This sits in the AKS in Production track as the Day-2 operations runbook. It assumes the managed-Kubernetes fundamentals from Understanding Managed Kubernetes: AKS vs EKS vs GKE and the production networking and observability baseline in Production AKS: Networking & Observability. It pairs tightly with Kubernetes Production Readiness: Day-2 Operations Checklist, since upgrades are the highest-stakes recurring Day-2 task, and with Azure Monitor: Managed Prometheus & Managed Grafana for AKS, because an upgrade you cannot observe is one you cannot safely roll back. The fleet-orchestration half complements Azure Arc-enabled Kubernetes: GitOps, Policy & Fleet Management; if you also run EKS, the same mechanics in another cloud are in EKS Cluster Upgrades: Version Lifecycle & Fleet Operations.
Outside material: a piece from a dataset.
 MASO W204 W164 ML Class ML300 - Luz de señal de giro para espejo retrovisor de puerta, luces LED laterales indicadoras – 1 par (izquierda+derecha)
A quick map of who owns what during an upgrade, so you call the right person fast:

Layer What lives here Who usually owns it What it can stall / break
Control plane API server, scheduler, etcd Microsoft (managed) Removed-API rejection on upgrade
Node pool VMs, kubelet, OS image Platform team PDB stall, surge blast radius, image drift
Workload Deployments, PDBs, probes App / dev team Unsatisfiable PDB hangs the drain
Maintenance config Windows, freeze dates Platform / change mgmt Mid-day reimage if unset
Fleet Update runs, strategies Platform / SRE All clusters break together with no bake
CI / policy pluto/kubent, OPA Gatekeeper DevOps / security Removed API or bad PDB reaches prod

Core concepts

Five mental models make every later decision obvious.
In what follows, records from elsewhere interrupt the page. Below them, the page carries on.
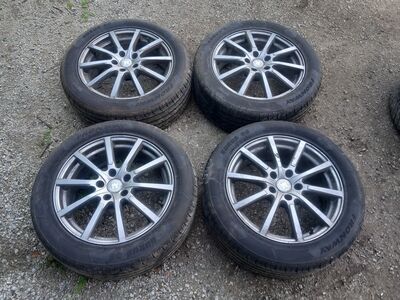 AUDI/VW/SEAT/MB 17" VELJED + REHVID 5x112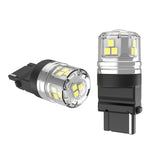 Bombilla LED serie 3156 R9 de 9-24 V, blanca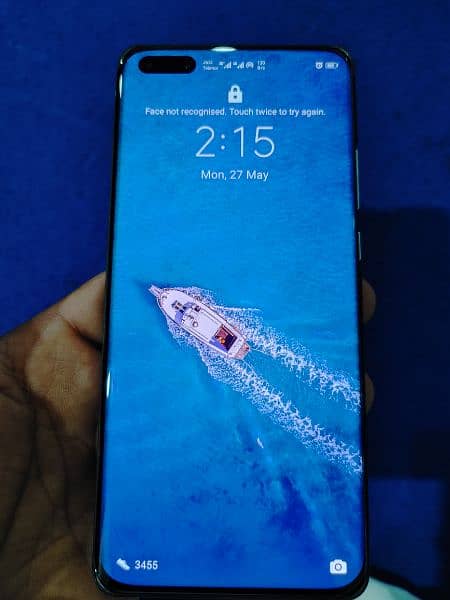 Huawei p40pro Dual sim Approved 8/256 Box charger 2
An upgrade is two operations, not one. A control-plane upgrade moves the managed API server, scheduler, and controller-manager — fast, Microsoft-managed, and the only part that gates the cluster’s reported version. A node-pool upgrade reimages every VM in a pool to the new kubelet version, one surge batch at a time, with cordon-and-drain. People conflate them at their peril. The control plane must be upgraded before or together with node pools, and node pools may trail the control plane by at most one minor version. Decoupling them lets you take the cheap, low-risk control-plane bump immediately and schedule the expensive, workload-disrupting node reimaging for a window.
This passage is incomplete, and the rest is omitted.